- WHAT IS EXPECTED: Once you have read the listing below, write all of it out again exactly.

- MATERIALS PROVIDED:

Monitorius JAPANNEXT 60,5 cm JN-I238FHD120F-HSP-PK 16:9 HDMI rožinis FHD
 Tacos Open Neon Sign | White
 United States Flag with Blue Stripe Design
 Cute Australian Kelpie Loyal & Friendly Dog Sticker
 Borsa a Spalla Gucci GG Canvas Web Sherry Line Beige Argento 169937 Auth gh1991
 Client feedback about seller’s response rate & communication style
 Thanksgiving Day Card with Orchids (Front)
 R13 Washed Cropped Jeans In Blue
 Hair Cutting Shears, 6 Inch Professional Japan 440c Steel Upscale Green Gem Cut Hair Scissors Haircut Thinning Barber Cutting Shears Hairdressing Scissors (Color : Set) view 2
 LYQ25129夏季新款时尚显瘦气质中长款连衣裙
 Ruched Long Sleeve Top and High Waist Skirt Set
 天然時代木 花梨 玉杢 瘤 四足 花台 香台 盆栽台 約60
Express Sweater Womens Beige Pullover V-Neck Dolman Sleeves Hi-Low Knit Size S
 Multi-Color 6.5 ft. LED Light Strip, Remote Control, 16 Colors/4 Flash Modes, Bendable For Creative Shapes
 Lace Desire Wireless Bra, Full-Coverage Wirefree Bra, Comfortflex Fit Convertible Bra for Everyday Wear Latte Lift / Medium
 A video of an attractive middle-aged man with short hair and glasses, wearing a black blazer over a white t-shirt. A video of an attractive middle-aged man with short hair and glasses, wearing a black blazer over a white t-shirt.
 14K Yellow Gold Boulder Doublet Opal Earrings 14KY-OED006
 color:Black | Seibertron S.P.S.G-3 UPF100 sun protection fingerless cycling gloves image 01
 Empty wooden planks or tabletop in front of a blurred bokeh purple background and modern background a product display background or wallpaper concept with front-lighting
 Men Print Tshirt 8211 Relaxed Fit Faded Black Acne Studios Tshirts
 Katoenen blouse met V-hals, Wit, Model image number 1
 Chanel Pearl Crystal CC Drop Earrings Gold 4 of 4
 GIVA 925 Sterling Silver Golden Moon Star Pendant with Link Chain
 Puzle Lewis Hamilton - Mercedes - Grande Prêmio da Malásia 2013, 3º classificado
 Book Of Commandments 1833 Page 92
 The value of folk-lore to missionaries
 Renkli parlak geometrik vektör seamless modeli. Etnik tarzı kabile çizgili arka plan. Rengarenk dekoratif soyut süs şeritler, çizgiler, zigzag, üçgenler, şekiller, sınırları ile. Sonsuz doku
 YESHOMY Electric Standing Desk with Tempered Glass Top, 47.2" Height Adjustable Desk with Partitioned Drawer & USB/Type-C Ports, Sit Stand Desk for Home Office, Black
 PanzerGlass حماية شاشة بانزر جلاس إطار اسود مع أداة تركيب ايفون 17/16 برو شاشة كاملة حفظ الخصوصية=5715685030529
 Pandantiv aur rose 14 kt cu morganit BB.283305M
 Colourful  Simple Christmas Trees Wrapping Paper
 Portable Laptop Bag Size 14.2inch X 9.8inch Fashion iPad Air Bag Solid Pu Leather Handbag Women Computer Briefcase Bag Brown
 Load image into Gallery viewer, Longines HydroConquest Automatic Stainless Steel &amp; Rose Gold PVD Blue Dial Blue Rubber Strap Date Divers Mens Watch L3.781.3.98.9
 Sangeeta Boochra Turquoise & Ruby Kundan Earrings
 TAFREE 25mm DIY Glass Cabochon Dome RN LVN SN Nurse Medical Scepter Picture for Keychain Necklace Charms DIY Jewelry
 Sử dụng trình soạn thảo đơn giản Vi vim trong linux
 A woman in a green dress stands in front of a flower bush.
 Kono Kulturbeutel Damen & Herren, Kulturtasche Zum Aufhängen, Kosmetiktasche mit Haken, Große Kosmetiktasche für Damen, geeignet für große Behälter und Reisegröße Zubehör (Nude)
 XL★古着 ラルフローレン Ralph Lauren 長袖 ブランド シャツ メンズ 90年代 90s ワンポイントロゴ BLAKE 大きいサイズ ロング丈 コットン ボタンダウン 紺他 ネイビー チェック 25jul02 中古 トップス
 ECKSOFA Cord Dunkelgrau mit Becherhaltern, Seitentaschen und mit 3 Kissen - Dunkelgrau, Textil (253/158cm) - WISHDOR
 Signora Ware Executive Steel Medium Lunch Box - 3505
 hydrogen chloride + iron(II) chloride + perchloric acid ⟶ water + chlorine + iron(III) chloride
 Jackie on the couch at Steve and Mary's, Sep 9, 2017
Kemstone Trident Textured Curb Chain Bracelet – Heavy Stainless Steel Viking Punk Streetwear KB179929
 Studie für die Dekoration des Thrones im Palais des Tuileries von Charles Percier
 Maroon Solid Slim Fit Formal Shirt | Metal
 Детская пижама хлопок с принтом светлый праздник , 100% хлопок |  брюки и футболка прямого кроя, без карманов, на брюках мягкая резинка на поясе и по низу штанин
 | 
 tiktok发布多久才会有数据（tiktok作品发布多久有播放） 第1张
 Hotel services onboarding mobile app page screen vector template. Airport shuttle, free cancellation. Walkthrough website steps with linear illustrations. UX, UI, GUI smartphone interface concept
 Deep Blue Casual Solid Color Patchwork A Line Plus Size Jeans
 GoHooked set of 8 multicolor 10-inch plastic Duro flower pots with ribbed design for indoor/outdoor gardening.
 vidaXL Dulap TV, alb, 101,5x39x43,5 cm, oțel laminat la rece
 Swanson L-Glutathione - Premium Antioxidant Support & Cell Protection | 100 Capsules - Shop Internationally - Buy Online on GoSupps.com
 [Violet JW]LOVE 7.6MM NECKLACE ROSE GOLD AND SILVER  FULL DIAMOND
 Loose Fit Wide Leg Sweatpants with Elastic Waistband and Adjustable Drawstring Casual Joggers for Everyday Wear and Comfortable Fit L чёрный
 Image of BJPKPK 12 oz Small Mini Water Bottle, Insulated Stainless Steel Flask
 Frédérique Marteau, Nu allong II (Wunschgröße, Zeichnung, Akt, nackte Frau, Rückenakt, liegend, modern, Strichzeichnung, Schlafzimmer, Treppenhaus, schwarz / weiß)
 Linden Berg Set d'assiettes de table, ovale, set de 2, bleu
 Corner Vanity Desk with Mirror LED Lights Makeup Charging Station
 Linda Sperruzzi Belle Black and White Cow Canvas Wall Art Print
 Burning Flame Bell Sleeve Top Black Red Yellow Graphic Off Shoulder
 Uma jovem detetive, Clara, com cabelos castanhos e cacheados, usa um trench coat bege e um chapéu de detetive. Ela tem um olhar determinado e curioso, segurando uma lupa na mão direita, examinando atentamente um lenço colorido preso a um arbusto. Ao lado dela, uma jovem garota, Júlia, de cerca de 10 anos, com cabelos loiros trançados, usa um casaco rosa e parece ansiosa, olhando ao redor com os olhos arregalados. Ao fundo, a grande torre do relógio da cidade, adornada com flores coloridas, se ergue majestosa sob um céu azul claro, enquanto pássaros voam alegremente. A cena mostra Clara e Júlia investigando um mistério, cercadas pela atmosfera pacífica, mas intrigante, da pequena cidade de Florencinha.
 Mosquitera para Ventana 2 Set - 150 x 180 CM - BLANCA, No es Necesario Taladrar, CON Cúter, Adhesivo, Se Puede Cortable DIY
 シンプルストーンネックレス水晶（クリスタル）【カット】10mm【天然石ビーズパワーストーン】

- ANSWER SECTION:
Monitorius JAPANNEXT 60,5 cm JN-I238FHD120F-HSP-PK 16:9 HDMI rožinis FHD
 Tacos Open Neon Sign | White
 United States Flag with Blue Stripe Design
 Cute Australian Kelpie Loyal & Friendly Dog Sticker
 Borsa a Spalla Gucci GG Canvas Web Sherry Line Beige Argento 169937 Auth gh1991
 Client feedback about seller’s response rate & communication style
 Thanksgiving Day Card with Orchids (Front)
 R13 Washed Cropped Jeans In Blue
 Hair Cutting Shears, 6 Inch Professional Japan 440c Steel Upscale Green Gem Cut Hair Scissors Haircut Thinning Barber Cutting Shears Hairdressing Scissors (Color : Set) view 2
 LYQ25129夏季新款时尚显瘦气质中长款连衣裙
 Ruched Long Sleeve Top and High Waist Skirt Set
 天然時代木 花梨 玉杢 瘤 四足 花台 香台 盆栽台 約60
Express Sweater Womens Beige Pullover V-Neck Dolman Sleeves Hi-Low Knit Size S
 Multi-Color 6.5 ft. LED Light Strip, Remote Control, 16 Colors/4 Flash Modes, Bendable For Creative Shapes
 Lace Desire Wireless Bra, Full-Coverage Wirefree Bra, Comfortflex Fit Convertible Bra for Everyday Wear Latte Lift / Medium
 A video of an attractive middle-aged man with short hair and glasses, wearing a black blazer over a white t-shirt. A video of an attractive middle-aged man with short hair and glasses, wearing a black blazer over a white t-shirt.
 14K Yellow Gold Boulder Doublet Opal Earrings 14KY-OED006
 color:Black | Seibertron S.P.S.G-3 UPF100 sun protection fingerless cycling gloves image 01
 Empty wooden planks or tabletop in front of a blurred bokeh purple background and modern background a product display background or wallpaper concept with front-lighting
 Men Print Tshirt 8211 Relaxed Fit Faded Black Acne Studios Tshirts
 Katoenen blouse met V-hals, Wit, Model image number 1
 Chanel Pearl Crystal CC Drop Earrings Gold 4 of 4
 GIVA 925 Sterling Silver Golden Moon Star Pendant with Link Chain
 Puzle Lewis Hamilton - Mercedes - Grande Prêmio da Malásia 2013, 3º classificado
 Book Of Commandments 1833 Page 92
 The value of folk-lore to missionaries
 Renkli parlak geometrik vektör seamless modeli. Etnik tarzı kabile çizgili arka plan. Rengarenk dekoratif soyut süs şeritler, çizgiler, zigzag, üçgenler, şekiller, sınırları ile. Sonsuz doku
 YESHOMY Electric Standing Desk with Tempered Glass Top, 47.2" Height Adjustable Desk with Partitioned Drawer & USB/Type-C Ports, Sit Stand Desk for Home Office, Black
 PanzerGlass حماية شاشة بانزر جلاس إطار اسود مع أداة تركيب ايفون 17/16 برو شاشة كاملة حفظ الخصوصية=5715685030529
 Pandantiv aur rose 14 kt cu morganit BB.283305M
 Colourful  Simple Christmas Trees Wrapping Paper
 Portable Laptop Bag Size 14.2inch X 9.8inch Fashion iPad Air Bag Solid Pu Leather Handbag Women Computer Briefcase Bag Brown
 Load image into Gallery viewer, Longines HydroConquest Automatic Stainless Steel &amp; Rose Gold PVD Blue Dial Blue Rubber Strap Date Divers Mens Watch L3.781.3.98.9
 Sangeeta Boochra Turquoise & Ruby Kundan Earrings
 TAFREE 25mm DIY Glass Cabochon Dome RN LVN SN Nurse Medical Scepter Picture for Keychain Necklace Charms DIY Jewelry
 Sử dụng trình soạn thảo đơn giản Vi vim trong linux
 A woman in a green dress stands in front of a flower bush.
 Kono Kulturbeutel Damen & Herren, Kulturtasche Zum Aufhängen, Kosmetiktasche mit Haken, Große Kosmetiktasche für Damen, geeignet für große Behälter und Reisegröße Zubehör (Nude)
 XL★古着 ラルフローレン Ralph Lauren 長袖 ブランド シャツ メンズ 90年代 90s ワンポイントロゴ BLAKE 大きいサイズ ロング丈 コットン ボタンダウン 紺他 ネイビー チェック 25jul02 中古 トップス
 ECKSOFA Cord Dunkelgrau mit Becherhaltern, Seitentaschen und mit 3 Kissen - Dunkelgrau, Textil (253/158cm) - WISHDOR
 Signora Ware Executive Steel Medium Lunch Box - 3505
 hydrogen chloride + iron(II) chloride + perchloric acid ⟶ water + chlorine + iron(III) chloride
 Jackie on the couch at Steve and Mary's, Sep 9, 2017
Kemstone Trident Textured Curb Chain Bracelet – Heavy Stainless Steel Viking Punk Streetwear KB179929
 Studie für die Dekoration des Thrones im Palais des Tuileries von Charles Percier
 Maroon Solid Slim Fit Formal Shirt | Metal
 Детская пижама хлопок с принтом светлый праздник , 100% хлопок |  брюки и футболка прямого кроя, без карманов, на брюках мягкая резинка на поясе и по низу штанин
 | 
 tiktok发布多久才会有数据（tiktok作品发布多久有播放） 第1张
 Hotel services onboarding mobile app page screen vector template. Airport shuttle, free cancellation. Walkthrough website steps with linear illustrations. UX, UI, GUI smartphone interface concept
 Deep Blue Casual Solid Color Patchwork A Line Plus Size Jeans
 GoHooked set of 8 multicolor 10-inch plastic Duro flower pots with ribbed design for indoor/outdoor gardening.
 vidaXL Dulap TV, alb, 101,5x39x43,5 cm, oțel laminat la rece
 Swanson L-Glutathione - Premium Antioxidant Support & Cell Protection | 100 Capsules - Shop Internationally - Buy Online on GoSupps.com
 [Violet JW]LOVE 7.6MM NECKLACE ROSE GOLD AND SILVER  FULL DIAMOND
 Loose Fit Wide Leg Sweatpants with Elastic Waistband and Adjustable Drawstring Casual Joggers for Everyday Wear and Comfortable Fit L чёрный
 Image of BJPKPK 12 oz Small Mini Water Bottle, Insulated Stainless Steel Flask
 Frédérique Marteau, Nu allong II (Wunschgröße, Zeichnung, Akt, nackte Frau, Rückenakt, liegend, modern, Strichzeichnung, Schlafzimmer, Treppenhaus, schwarz / weiß)
 Linden Berg Set d'assiettes de table, ovale, set de 2, bleu
 Corner Vanity Desk with Mirror LED Lights Makeup Charging Station
 Linda Sperruzzi Belle Black and White Cow Canvas Wall Art Print
 Burning Flame Bell Sleeve Top Black Red Yellow Graphic Off Shoulder
 Uma jovem detetive, Clara, com cabelos castanhos e cacheados, usa um trench coat bege e um chapéu de detetive. Ela tem um olhar determinado e curioso, segurando uma lupa na mão direita, examinando atentamente um lenço colorido preso a um arbusto. Ao lado dela, uma jovem garota, Júlia, de cerca de 10 anos, com cabelos loiros trançados, usa um casaco rosa e parece ansiosa, olhando ao redor com os olhos arregalados. Ao fundo, a grande torre do relógio da cidade, adornada com flores coloridas, se ergue majestosa sob um céu azul claro, enquanto pássaros voam alegremente. A cena mostra Clara e Júlia investigando um mistério, cercadas pela atmosfera pacífica, mas intrigante, da pequena cidade de Florencinha.
 Mosquitera para Ventana 2 Set - 150 x 180 CM - BLANCA, No es Necesario Taladrar, CON Cúter, Adhesivo, Se Puede Cortable DIY
 シンプルストーンネックレス水晶（クリスタル）【カット】10mm【天然石ビーズパワーストーン】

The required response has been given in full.